[Opening Available data section]

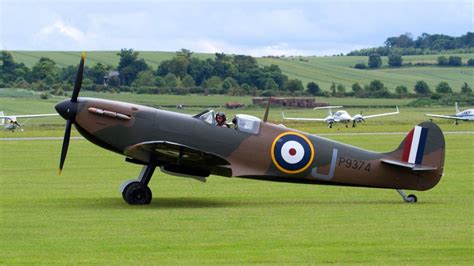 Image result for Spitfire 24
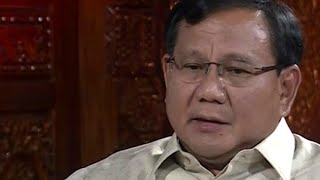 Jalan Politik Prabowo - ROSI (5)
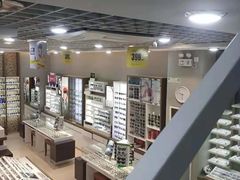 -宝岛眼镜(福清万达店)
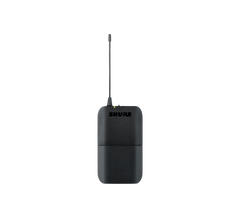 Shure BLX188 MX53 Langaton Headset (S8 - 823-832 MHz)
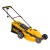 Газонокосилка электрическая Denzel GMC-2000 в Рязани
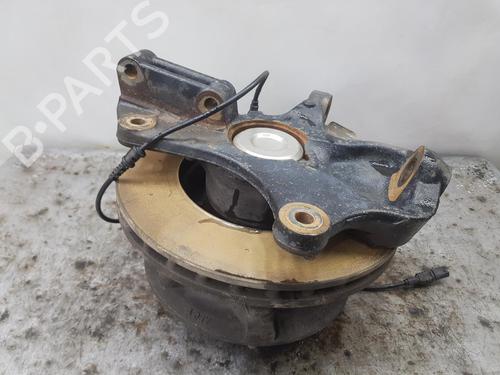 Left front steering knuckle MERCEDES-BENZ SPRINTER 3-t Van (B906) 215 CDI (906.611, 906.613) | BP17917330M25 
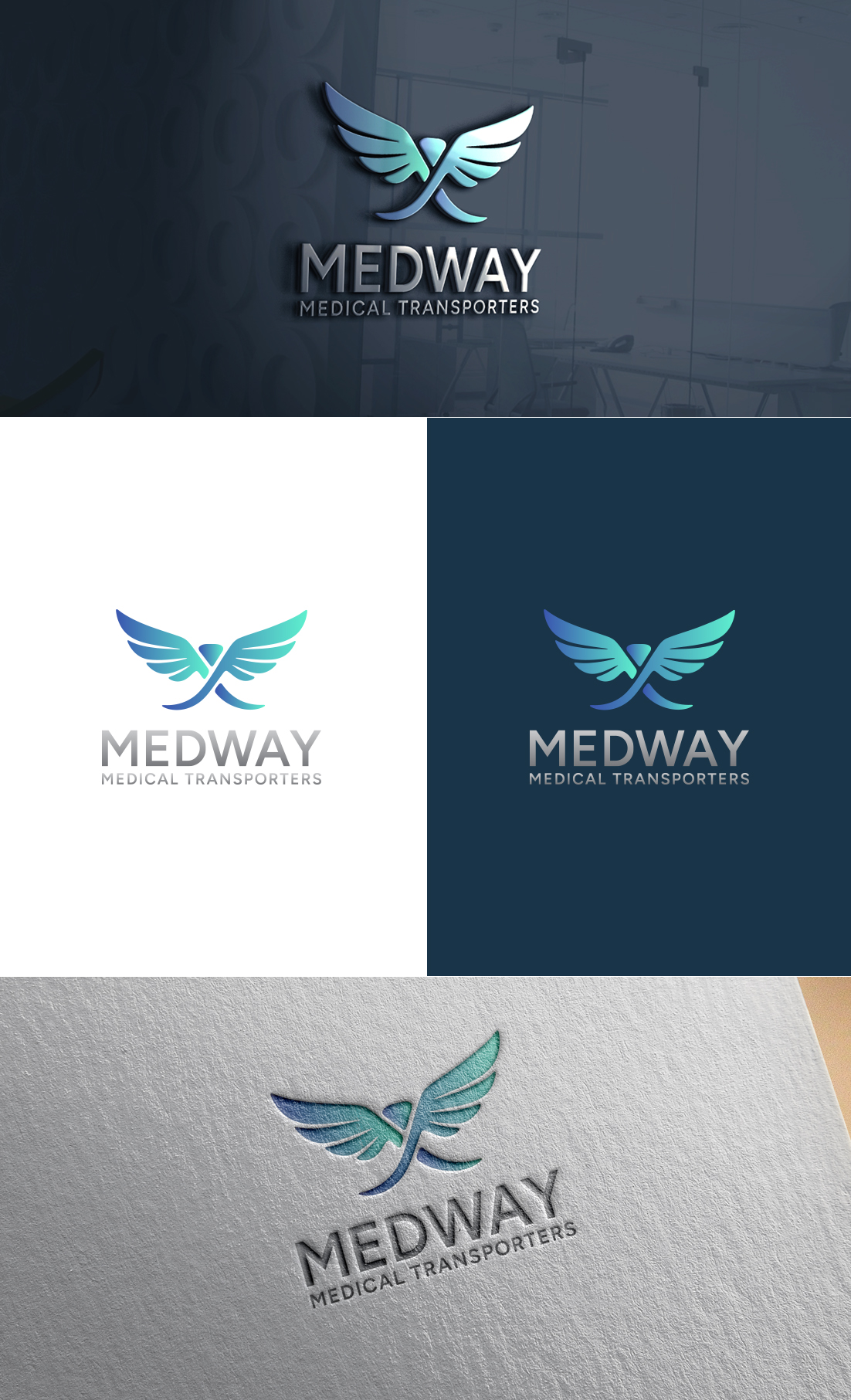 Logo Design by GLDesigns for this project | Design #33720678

[Closing Available data section]
[Opening Available data section]

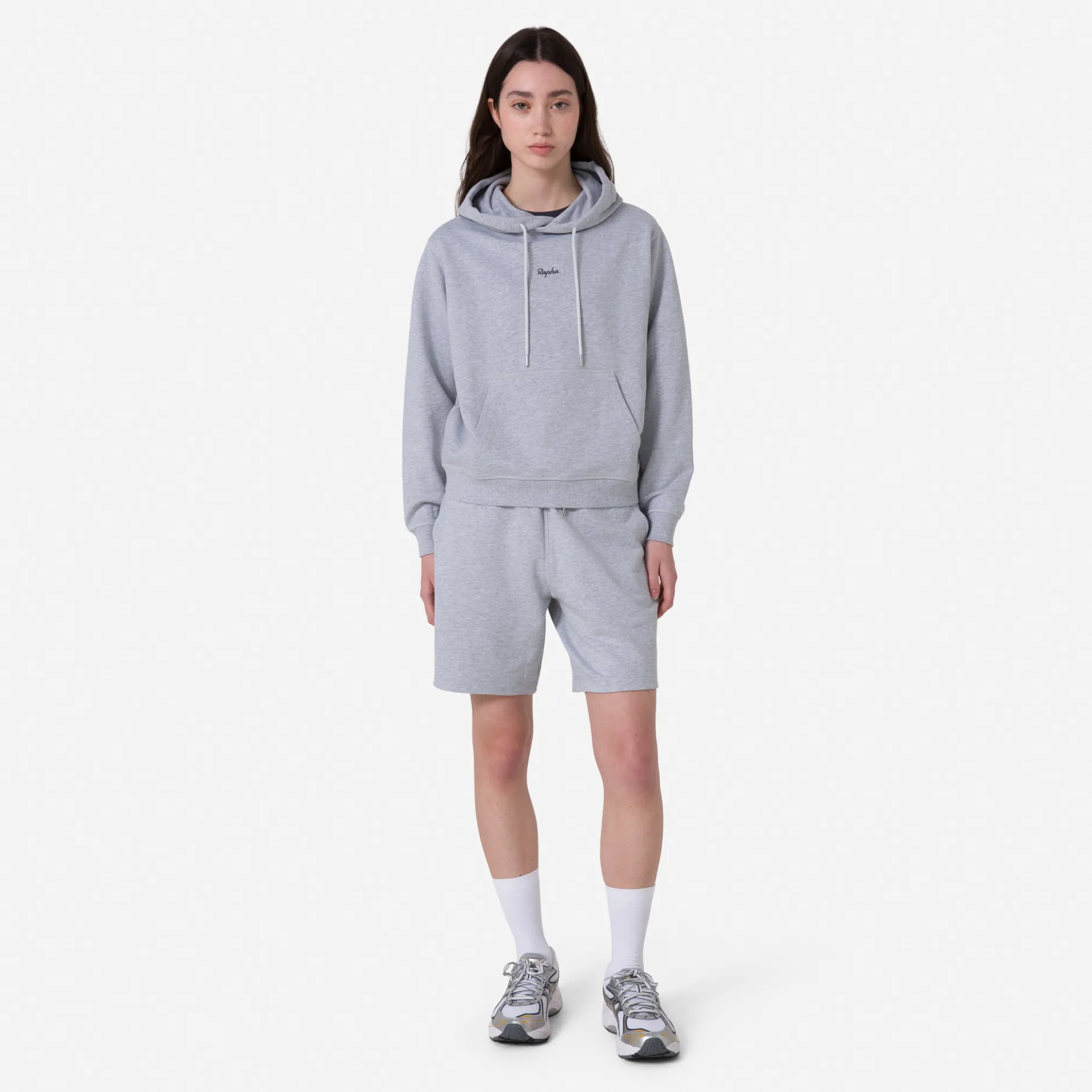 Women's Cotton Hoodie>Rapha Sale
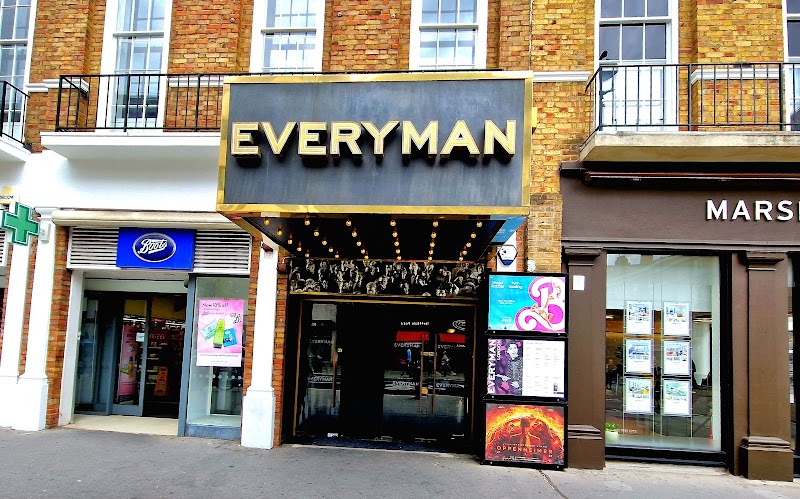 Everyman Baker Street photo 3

[Closing Available data section]

Starting at the line above that holds "Image result for Spitfire 24", return each line up to and including the one that holds "Logo Design by", exactly as written, minus any pictures.

**Reply**
 Image result for Spitfire 24
 Jalan Politik Prabowo - ROSI (5)
 -宝岛眼镜(福清万达店)
 Shure BLX188 MX53 Langaton Headset (S8 - 823-832 MHz)
 Газонокосилка электрическая Denzel GMC-2000 в Рязани
 Left front steering knuckle MERCEDES-BENZ SPRINTER 3-t Van (B906) 215 CDI (906.611, 906.613) | BP17917330M25 
 Logo Design by GLDesigns for this project | Design #33720678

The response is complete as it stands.